FRANCE will ask the UN Security Council to give a precise mandate to Nato peacekeeping troops in Bosnia to arrest indicted war criminals, the French Defence Minister, Mr Charles Millon, said yesterday.
"The arrest of war criminals does not come under the mandate that was given to I-for (Nato force in Bosnia)," Mr Millon told a news conference during a visit to the Bosnian capital Sarajevo.
"For that reason France will use all available means to [get] the Security Council to deliberate without delay a procedure to be established so that war criminals are pursued and arrested."
Mr Millon made clear France was dismayed that the Bosnian Serb leader, Dr Radovan Karadzic, and army chief, Gen Ratko Mladic, both indicted for genocide by a UN tribunal, were still at large, in part because Nato had not hunted them down.
Commanders of Nato's 53,000 strong peace Implementation Force say they are ready to seize Dr Karadzic, Gen Mladic or 66 other people indicted for ethnic atrocities in Bosnia's war and still at liberty, but have no brief to actively pursue them.
I-for officers have expressed private concern that manhunts could cause casualties among their troops, which could also pose big political problems for their home governments.
But those governments are getting worried that Dr Karadzic's continued hold on power in the half of Bosnia controlled by the Serbs will undercut elections due to be held in September under the 1995 Dayton peace accord to help to reunify the country.
"We hope the Security Council, the supreme authority on intervention in Bosnia, will assume its responsibility," said Mr Millon who visited French I-for troops on France's national holiday.
He said the exhumation by UN war crimes investigators of the first of several mass graves containing Muslims killed when Serb forces overran Srebrenica in eastern Bosnia a year ago was all the more reason to move in on war criminals.

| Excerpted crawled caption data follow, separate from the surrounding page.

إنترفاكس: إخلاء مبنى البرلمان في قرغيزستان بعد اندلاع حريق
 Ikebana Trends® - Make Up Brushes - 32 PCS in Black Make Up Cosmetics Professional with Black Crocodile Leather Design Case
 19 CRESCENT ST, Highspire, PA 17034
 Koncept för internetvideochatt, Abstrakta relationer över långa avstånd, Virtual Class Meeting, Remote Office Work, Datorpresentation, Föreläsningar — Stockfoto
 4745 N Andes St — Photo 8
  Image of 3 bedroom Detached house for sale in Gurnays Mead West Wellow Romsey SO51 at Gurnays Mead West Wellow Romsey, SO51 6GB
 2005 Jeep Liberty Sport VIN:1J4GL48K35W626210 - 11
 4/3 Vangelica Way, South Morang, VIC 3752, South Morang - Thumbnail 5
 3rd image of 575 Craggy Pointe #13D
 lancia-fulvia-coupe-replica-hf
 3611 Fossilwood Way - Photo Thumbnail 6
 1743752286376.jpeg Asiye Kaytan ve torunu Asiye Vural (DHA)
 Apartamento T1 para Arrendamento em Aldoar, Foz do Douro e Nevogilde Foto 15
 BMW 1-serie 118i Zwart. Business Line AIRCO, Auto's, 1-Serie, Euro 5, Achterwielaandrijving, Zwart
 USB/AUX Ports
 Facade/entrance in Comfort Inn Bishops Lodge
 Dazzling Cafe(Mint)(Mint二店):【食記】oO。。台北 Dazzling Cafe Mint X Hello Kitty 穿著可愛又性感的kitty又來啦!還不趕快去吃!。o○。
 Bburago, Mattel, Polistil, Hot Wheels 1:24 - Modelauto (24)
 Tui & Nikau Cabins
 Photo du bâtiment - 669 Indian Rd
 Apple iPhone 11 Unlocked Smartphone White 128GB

Mr Antonio Cassese, president of the UN war crimes tribunal, said on Friday that unless the international community acted against Dr Karadzic it would signal to rogue leaders worldwide that they were free to "maim, torture and commit acts of genocide".
The former US envoy to Bosnia, Mr Richard Holbrooke, will travel to the region this week for meetings with the leaders of Bosnia, Croatia, Serbia and mediator Mr Carl Bildt, to assess implementation of the Dayton peace accords, the State Department said yesterday.
Meanwhile, Bosnia's Muslim led central government is hinting at a possible boycott of post war elections in September if Dr Karadzic stays in power.
"I think it is beyond the dignity of the Bosnian people to vote in the presence of Karadzic as leader of the major party in elections including the Serb entity," the Bosnian Prime Minister, Mr Hasan Muratovic, said.
. Italian and French forces seized two Bosnian Serb guns found outside an approved storage site in violation of the Dayton peace treaty and took them to a Nato depot, the alliance said yesterday. The 130 mm guns were confiscated on Friday at Zljebovi, near Sarajevo.